**Your assignment:** Given the entries that follow, write out exactly the lines starting at the one containing "不小心微信卸载了怎么恢复数据" and ending at the one containing "يارب التوبه 205 (@smt205) 's Twitter Profile", both ends included, and only those.

**Data shown:**
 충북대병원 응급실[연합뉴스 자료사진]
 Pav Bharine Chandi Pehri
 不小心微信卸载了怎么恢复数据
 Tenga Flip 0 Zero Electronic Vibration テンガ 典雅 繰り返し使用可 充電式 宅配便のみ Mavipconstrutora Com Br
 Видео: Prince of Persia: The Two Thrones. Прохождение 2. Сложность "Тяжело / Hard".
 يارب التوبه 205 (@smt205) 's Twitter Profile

--

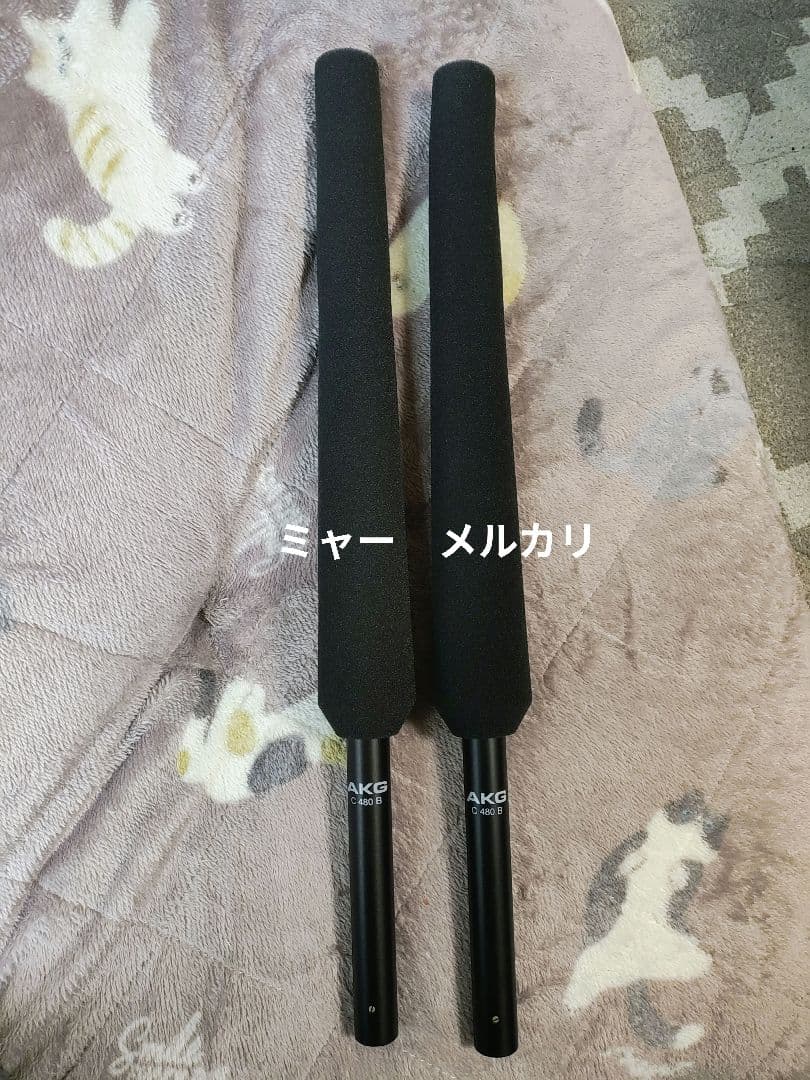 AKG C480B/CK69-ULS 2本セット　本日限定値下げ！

**Problem solution:**
 不小心微信卸载了怎么恢复数据
 Tenga Flip 0 Zero Electronic Vibration テンガ 典雅 繰り返し使用可 充電式 宅配便のみ Mavipconstrutora Com Br
 Видео: Prince of Persia: The Two Thrones. Прохождение 2. Сложность "Тяжело / Hard".
 يارب التوبه 205 (@smt205) 's Twitter Profile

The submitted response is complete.